* [Exercise instructions] Print only the lines from the one with "Décoration En Céramique" through the end of the data, exactly, and please omit pictures.

* [Data for review]

:::

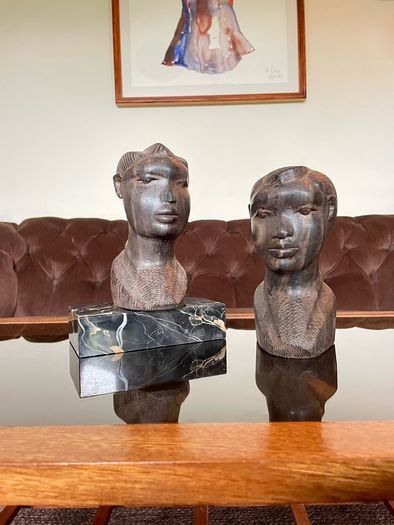 Pair of Vintage Mid Century African Art Hardwood Bust Carvings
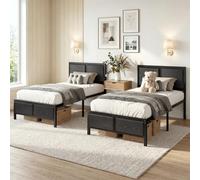 VECELO Set di 2 telai per letto singolo da 90 x 200 cm, con testiera in legno spesso e rete a doghe in metallo, 31 cm di spazio sotto il letto, struttura stabile per camera da letto, colore nero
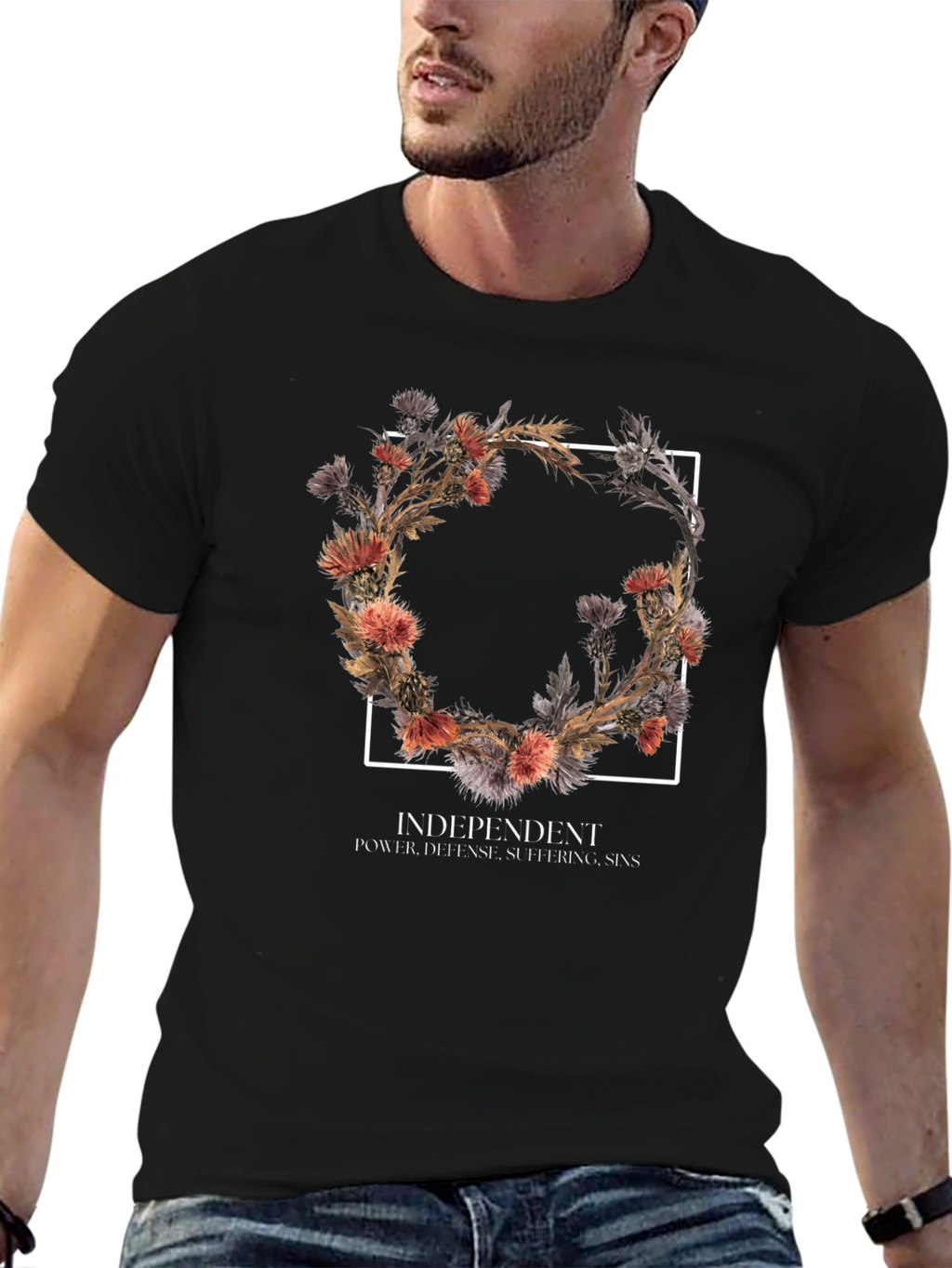 Floral Wreath Graphic Tee - Independent Style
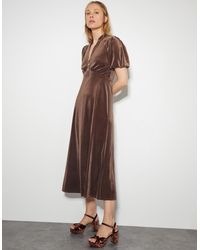 Monsoon - Veronique Velvet Bow Midi Dress Brown - Lyst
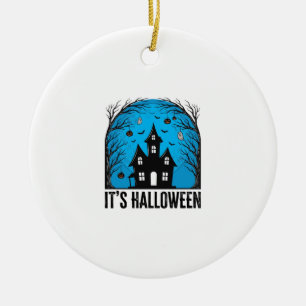 Décoration En Céramique Maison Hantée Halloween Lune Gravure Vintage Dés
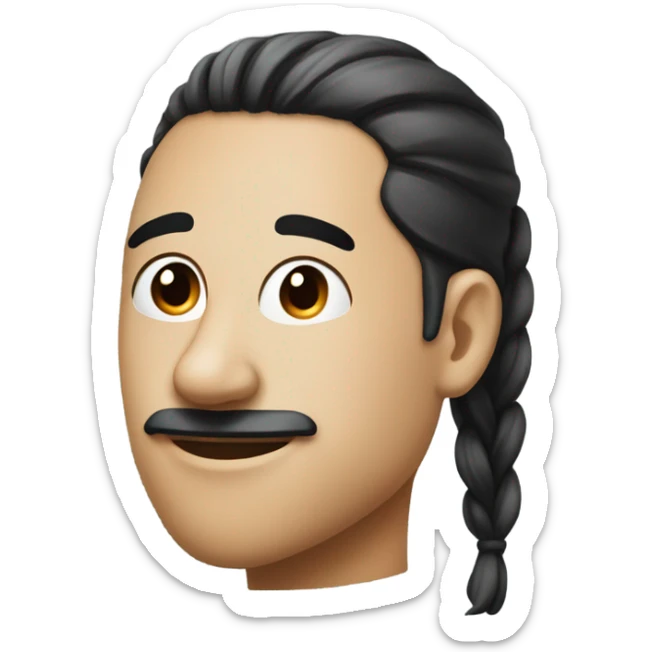 side view of face with black dot of cheek and a pony tail and a big nose sticker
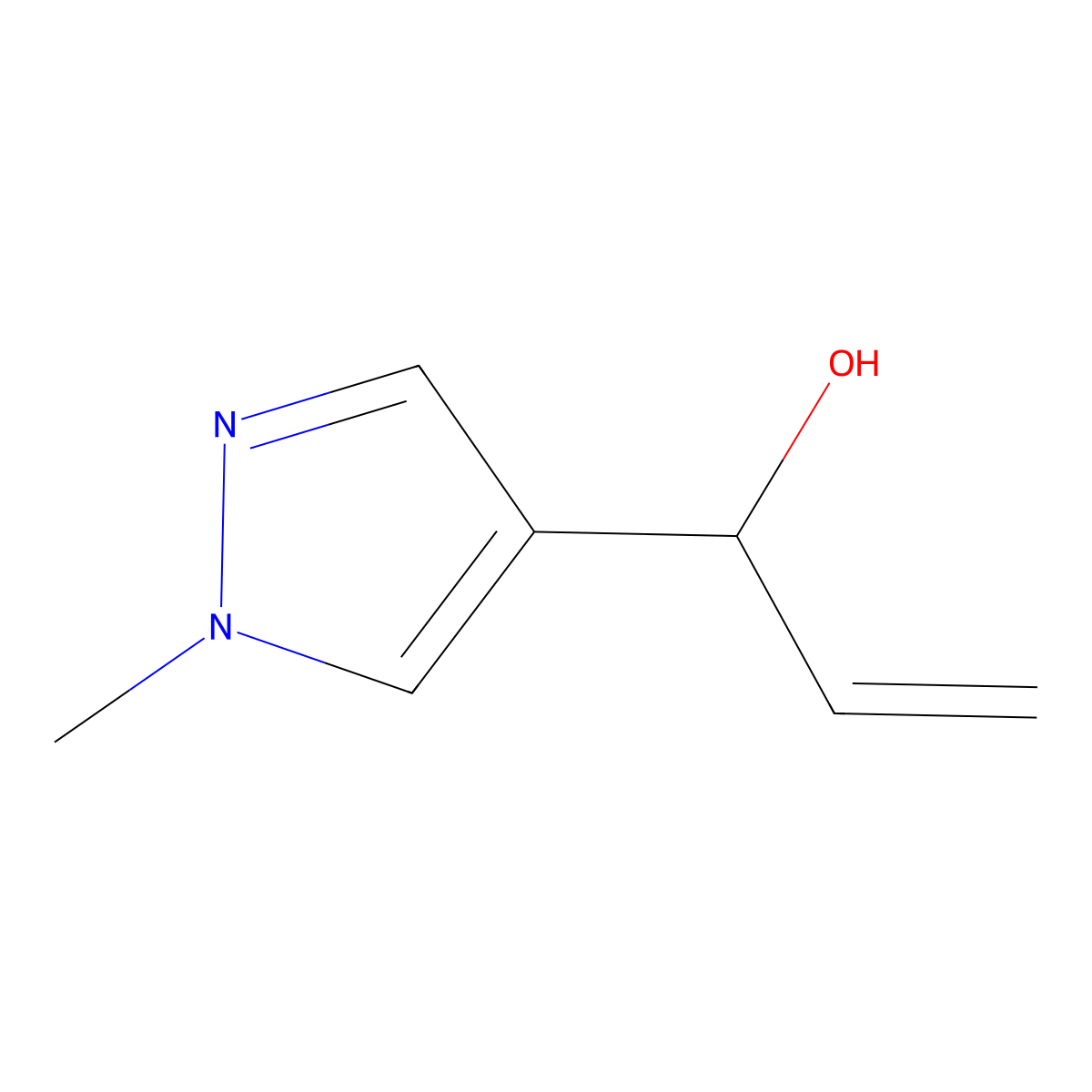 1-(1-methyl-1H-pyrazol-4-yl)prop-2-en-1-ol molecular structure, CAS 1492719-69-3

:::

* [Your solution]
 Décoration En Céramique Maison Hantée Halloween Lune Gravure Vintage Dés
 side view of face with black dot of cheek and a pony tail and a big nose sticker
 1-(1-methyl-1H-pyrazol-4-yl)prop-2-en-1-ol molecular structure, CAS 1492719-69-3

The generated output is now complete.